Directions for this task - Exactly as they stand, copy the lines from the one containing "GA license plate CBF6598" to the final line of the data; leave out the pictures.

[[ Source data open ]]

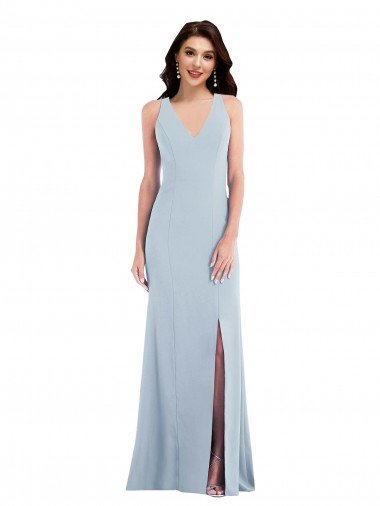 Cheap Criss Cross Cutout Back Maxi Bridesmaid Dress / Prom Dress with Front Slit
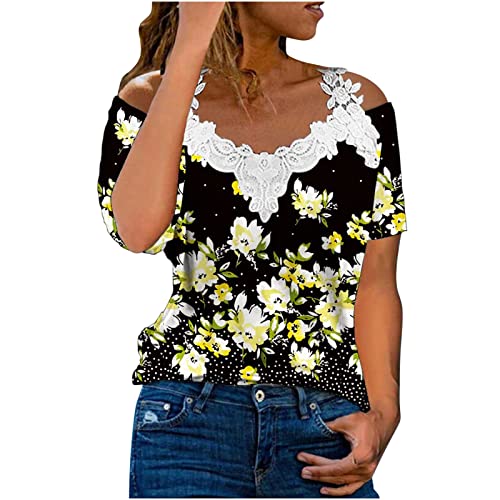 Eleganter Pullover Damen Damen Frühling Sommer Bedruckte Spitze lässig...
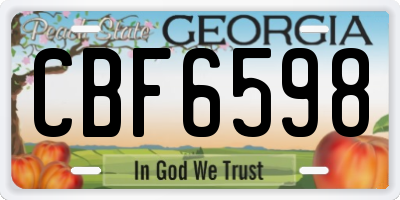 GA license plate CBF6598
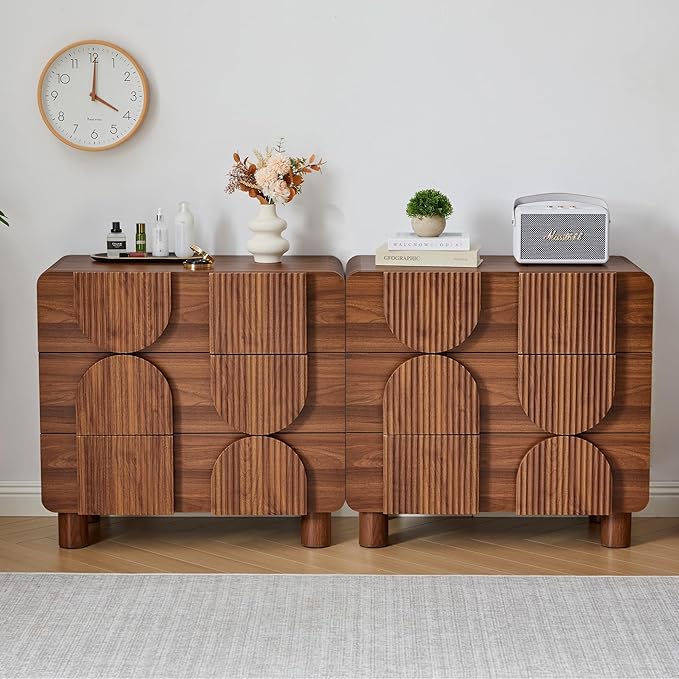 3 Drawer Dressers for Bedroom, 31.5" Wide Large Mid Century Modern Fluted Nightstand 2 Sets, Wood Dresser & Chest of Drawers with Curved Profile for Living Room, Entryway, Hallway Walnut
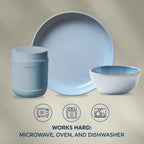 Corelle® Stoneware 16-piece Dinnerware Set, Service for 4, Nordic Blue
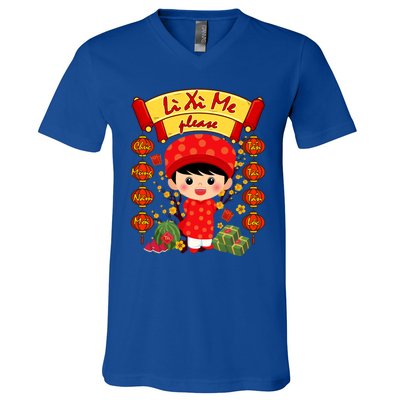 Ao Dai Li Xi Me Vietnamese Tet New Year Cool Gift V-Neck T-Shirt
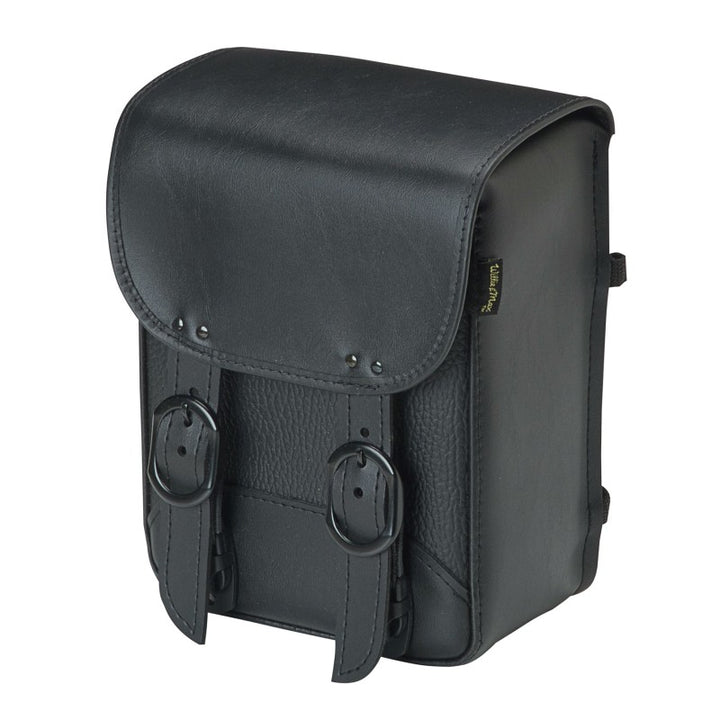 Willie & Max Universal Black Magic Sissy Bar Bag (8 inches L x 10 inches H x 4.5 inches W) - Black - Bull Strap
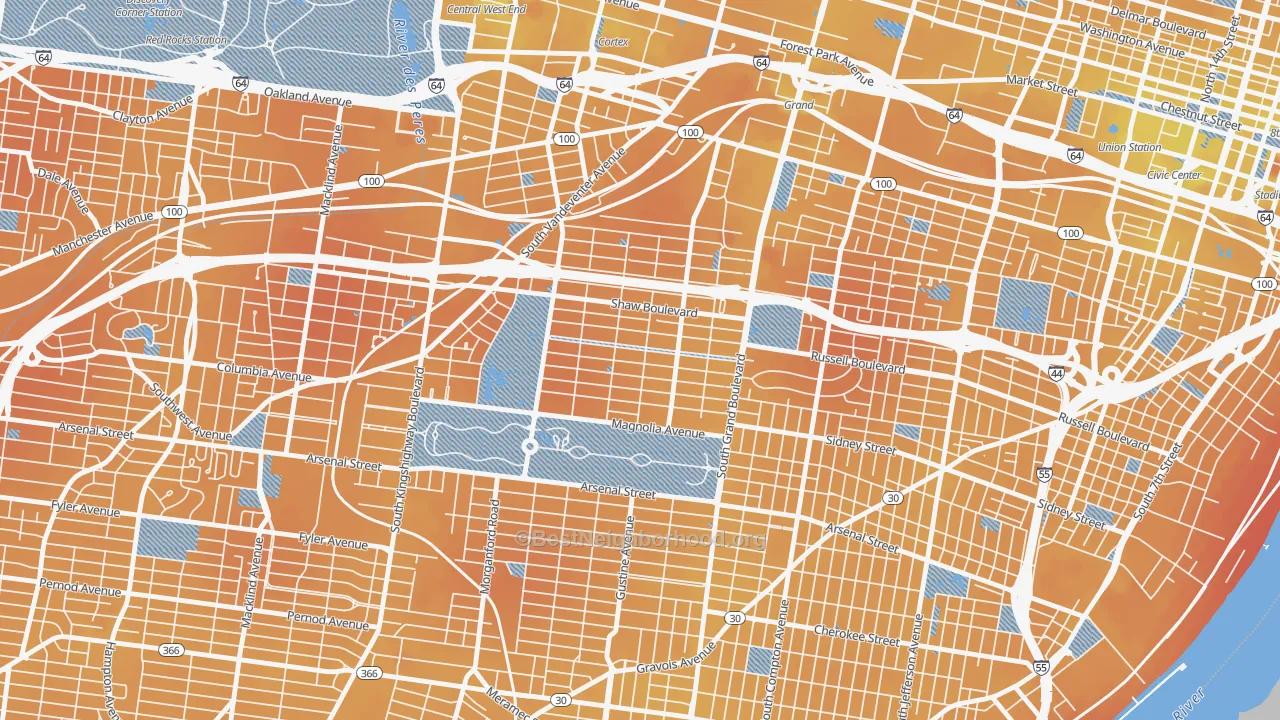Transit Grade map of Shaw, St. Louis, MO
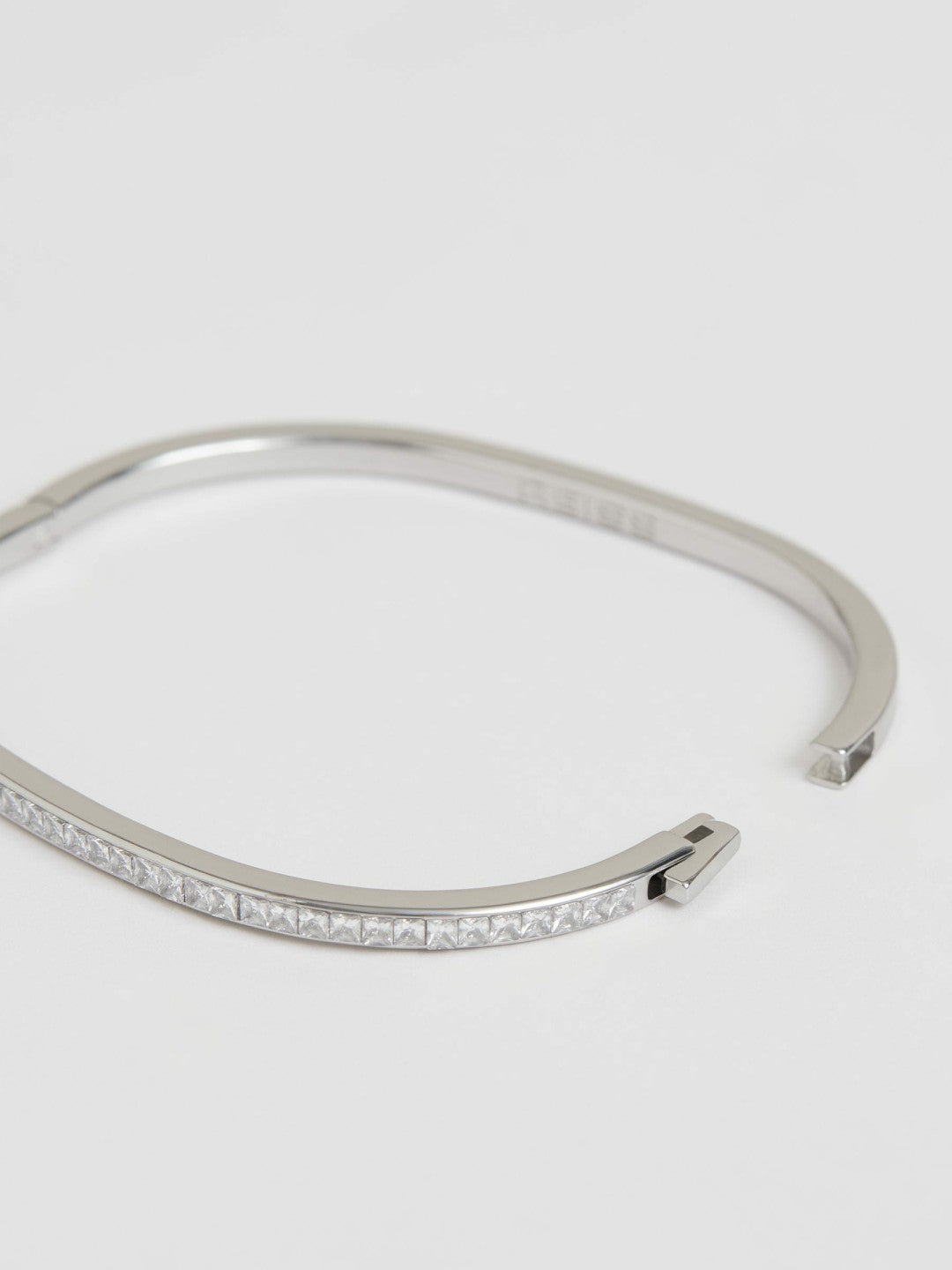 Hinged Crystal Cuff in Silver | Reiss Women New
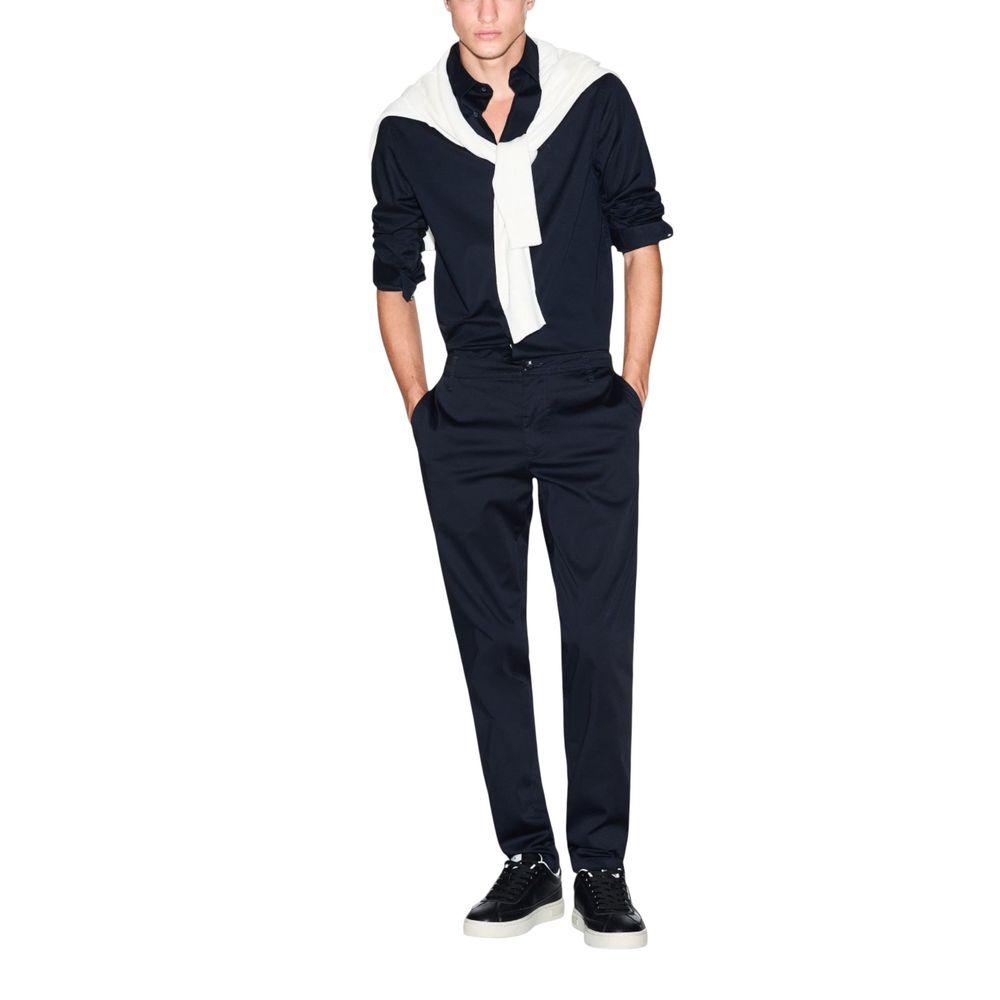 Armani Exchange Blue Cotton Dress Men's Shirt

[[ Source data closed ]]

Written solution -
 GA license plate CBF6598
 3 Drawer Dressers for Bedroom, 31.5" Wide Large Mid Century Modern Fluted Nightstand 2 Sets, Wood Dresser & Chest of Drawers with Curved Profile for Living Room, Entryway, Hallway Walnut
 Corelle® Stoneware 16-piece Dinnerware Set, Service for 4, Nordic Blue
 Ao Dai Li Xi Me Vietnamese Tet New Year Cool Gift V-Neck T-Shirt
 Willie & Max Universal Black Magic Sissy Bar Bag (8 inches L x 10 inches H x 4.5 inches W) - Black - Bull Strap
Transit Grade map of Shaw, St. Louis, MO
 Hinged Crystal Cuff in Silver | Reiss Women New
 Armani Exchange Blue Cotton Dress Men's Shirt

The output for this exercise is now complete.